**INFORMATION SHOWN**
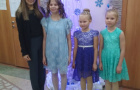 4 декабря 2022 г. в г. Южноуральске состоялся Открытый детский региональный конкурс юных вокалистов «Звёздный дождь - 2022»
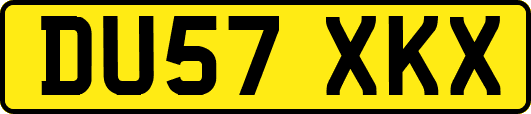 DU57XKX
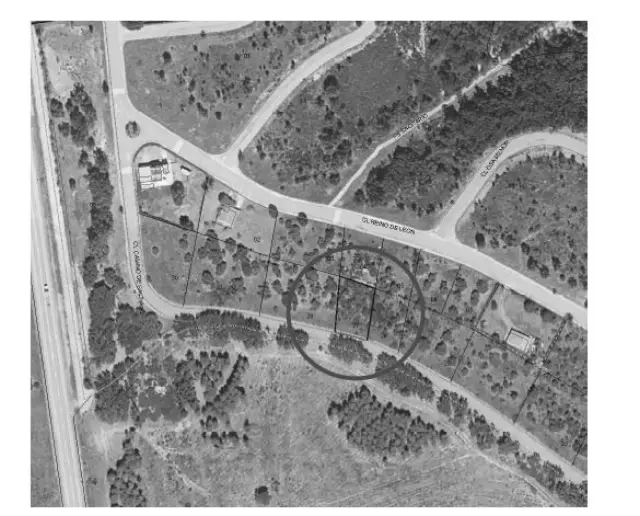 Subasta de solar en Garrafe De Torio el 30 de marzo de 2026
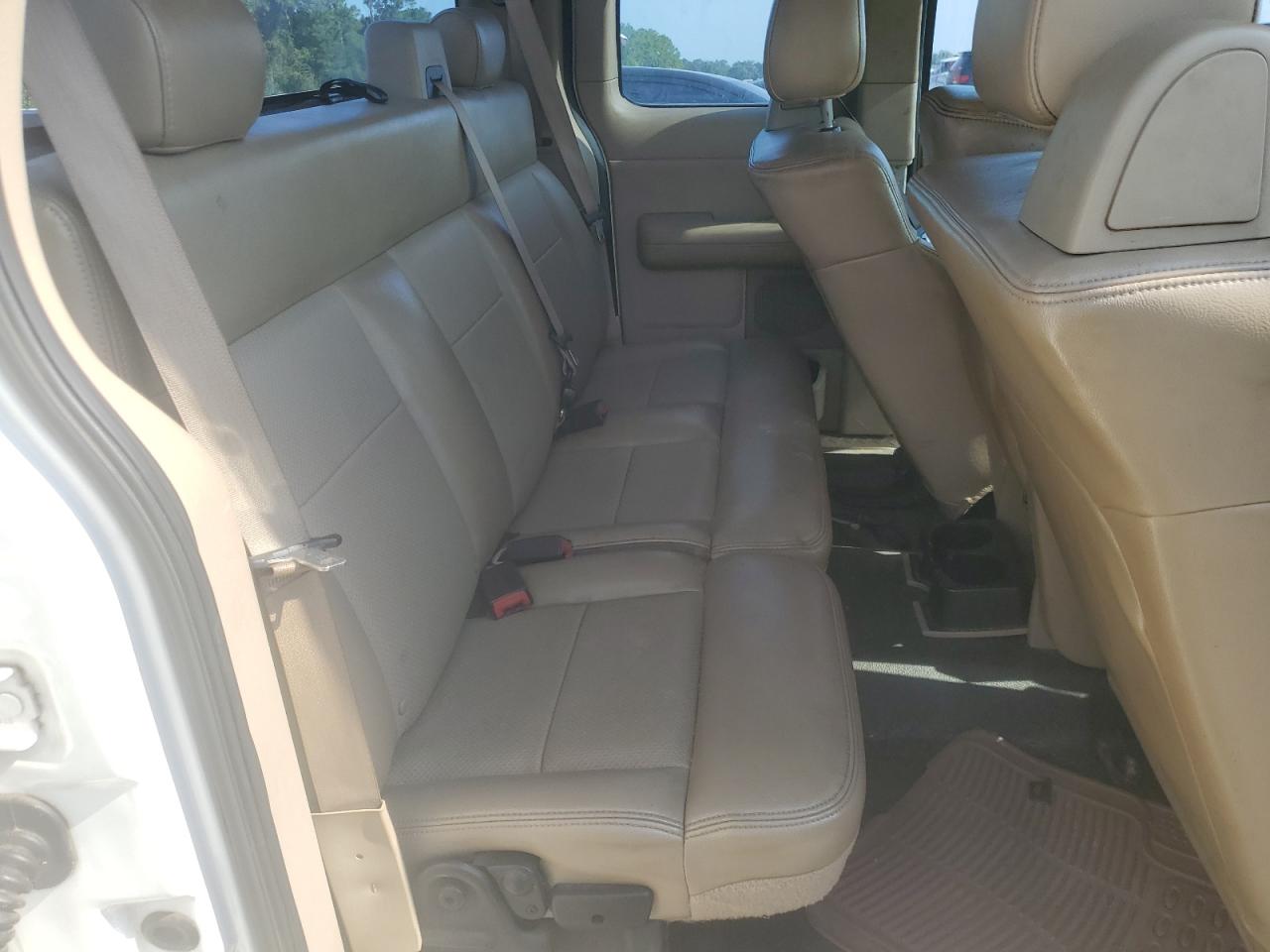 2005 Ford F150 VIN: 1FTRX12W55NA19647 Lot: 65034694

**THE PROBLEM**
Please output all the data exactly as given, with the pictures omitted.

**ANSWER AREA**
 4 декабря 2022 г. в г. Южноуральске состоялся Открытый детский региональный конкурс юных вокалистов «Звёздный дождь - 2022»
 DU57XKX
 Subasta de solar en Garrafe De Torio el 30 de marzo de 2026
 2005 Ford F150 VIN: 1FTRX12W55NA19647 Lot: 65034694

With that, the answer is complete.